The list, almost by accident, celebrates certain producers, especially Mastroberardino from Campania and COS from Sicilia. They are traditional, elegant and delicious, which is all you need from wine. Eventually, as some of you know well, I'm a major Lambrusco hound and I'd like to pilot a Lambrusco program that rivals Via Emilia and Osteria Morini in NYC. You can take the boy out of Modena...

One area of pride are the bollicine (bubbles, y'all)...for now it's one Lambrusco, the Barbolini 'Lancilotto', from the Grasparossa clone. It's a personal favorite and my go to wine with any meal. There's also a very unusual red frizzante from Le Marche, a Vernaccia di Serrapetrona secco. Where Lambrusco has the bright cherry fruit, smokiness, lovely acidity, the Vernaccia di Serrapetrona has darker fruit, tobacco leaf and volcanic ash on the nose...very unusual flavor profile for a fizzy red.

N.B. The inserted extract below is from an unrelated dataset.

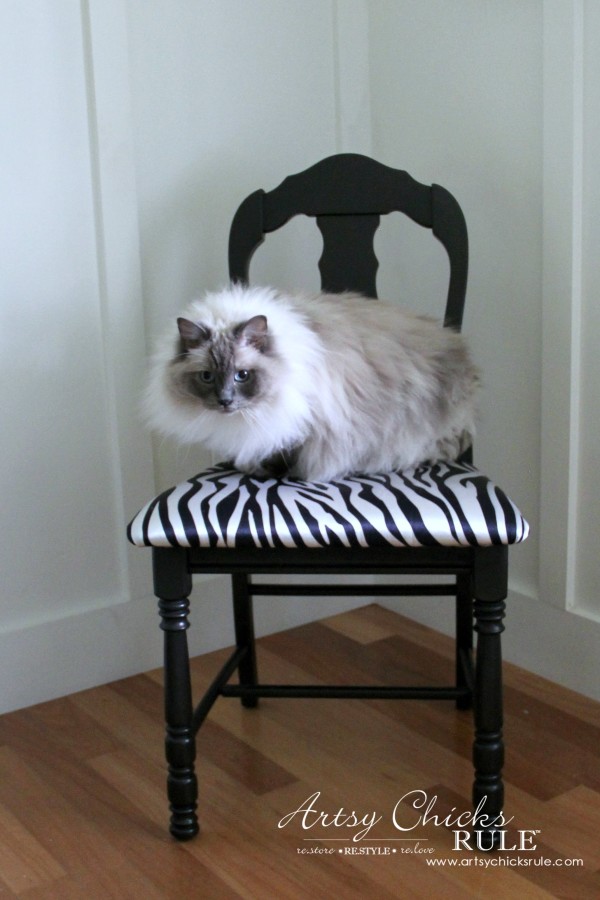 Zebra Chair Makeover (Animal Theme)  - My cat likes it! - $5 dollar thrifty makeover - artsychicksrule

There's a single vineyard Prosecco di Valdobbiadene-Conegliano from Sorelle Bronca, the 'Particella 68'; a yummy Champagne-y Franciacorta Brut from Quadra.

I'm excited most of all about the vini bianchi...COS 'Rami' organically farmed Inzolia/Grecanico from Sicily; Ermes Pavese Blanc de Morgex...a beautiful saline/citrus alpine fresh white from Val d'Aosta; a classic Roero Arneis from Vietti; a single vineyard Vernaccia di San Gimignano that literally smells like the Tuscan countryside...aromas of "macchia" or what the French call "garrigue", that wild meditteranean coastal aroma; a minerally, angular and malo free Falanghina from La Sibilla in the Campi Flegrei, an appellation slightly northwest of Napoli.

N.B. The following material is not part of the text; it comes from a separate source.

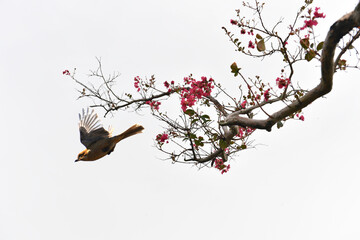 A mango tree with red flowers on a white background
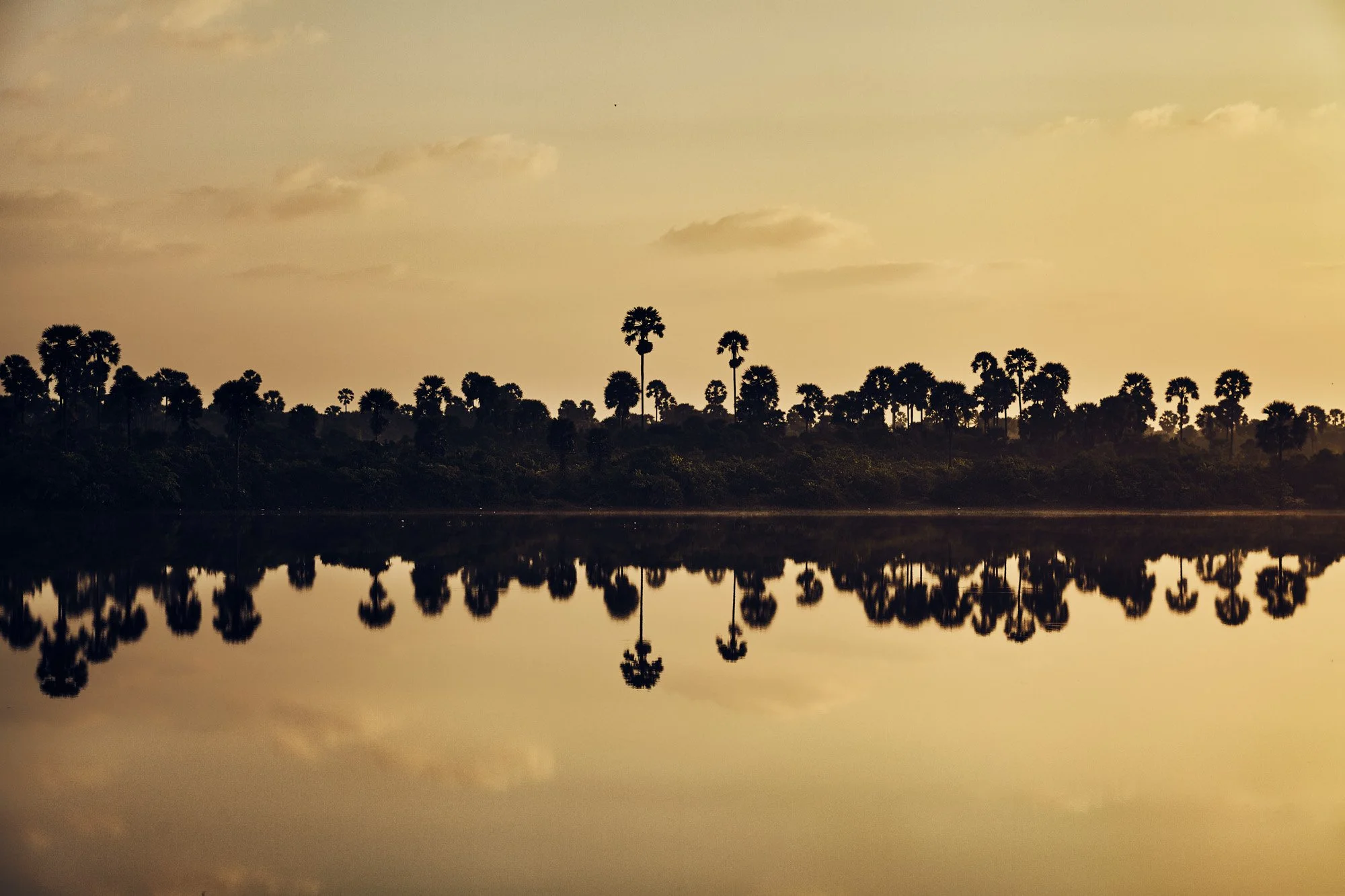 Silhouetted palm trees reflecting on a calm body of water at sunset in Sri Lanka.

Love, love, love the two vini rosati...the 'Lacrimarosa' from Mastroberardino, which is 100% Aglianico, and the 'Maioli' from Tenuta Sella, a Nebbiolo. The latter blew my mind...it reminded me of sunshine and tropical fruit...totally not the usual Nebbiolo profile and definitely not a classic Piemontese wine.

For vini rossi, some of my faves are an elegant and complex 100% Nero d'Avola from COS; a terra cotta amphora aged Cerasuolo di Vittoria blend of Nero d'Avola/Frappato from COS that is beguilingly earthy and complex; a Bardolino from Le Fraghe which is a lighter, elegant Valpolicella style blend of Corvina/Rondinella, from the Veneto; Marzemino, a variety indigenous to Trentino that makes a light bodied red that is very floral and beautiful w/a bright raspberry light jam nose; an Aglianico from the Falerno del Massico appellation in northeastern Campania, that is dark fruity and tarry and unbelievably delicious; a single varietal Canaiolo from Toscana that is pure forest and meat; a Lagrein from Thurnhof in Alto Adige that is out of this world...piney, spicy and a nice weight on the palate.

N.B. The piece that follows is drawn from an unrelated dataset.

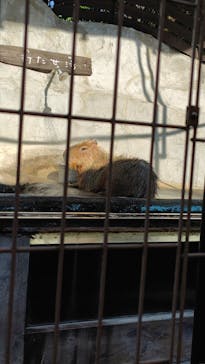 レオマリゾートに投稿された画像（2025/11/24）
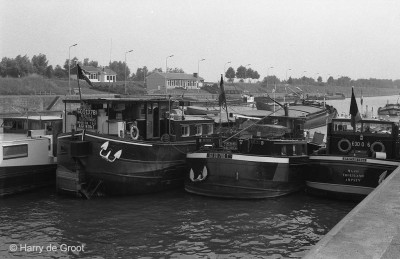 Marcella 06001378 (2).jpg (125.31 Kio) Vu 3449 fois Marcella 06001378 (2).jpg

For dessert wines, there's a Port style passito of Lacrima Morro d'Alba, from Luciano Landi in Le Marche; a Malvasia delle Lipari from Barone Villagrande...honey, sesame, richness, Sicilian island vacations; and natch, a Moscato d'Asti from Giacomo Bologna (Jim Baloney) that is yeasty and dry on the nose and quite balanced, not cloying at all.

The food is seasonal, local and sustainable meat and produce within the framework of traditional recipes from Liguria, Piemonte, Emilia Romagna, Tuscany, Sardinia...you get the point! Steve Jaramillo is the chef and he makes delicious food, is a veteran, well respected and well known, a consummate professional, a hard worker, and a great guy. His Tagliatelle al Ragù transports me to an osteria or a nonna's kitchen in the back streets of Bologna...it is that good.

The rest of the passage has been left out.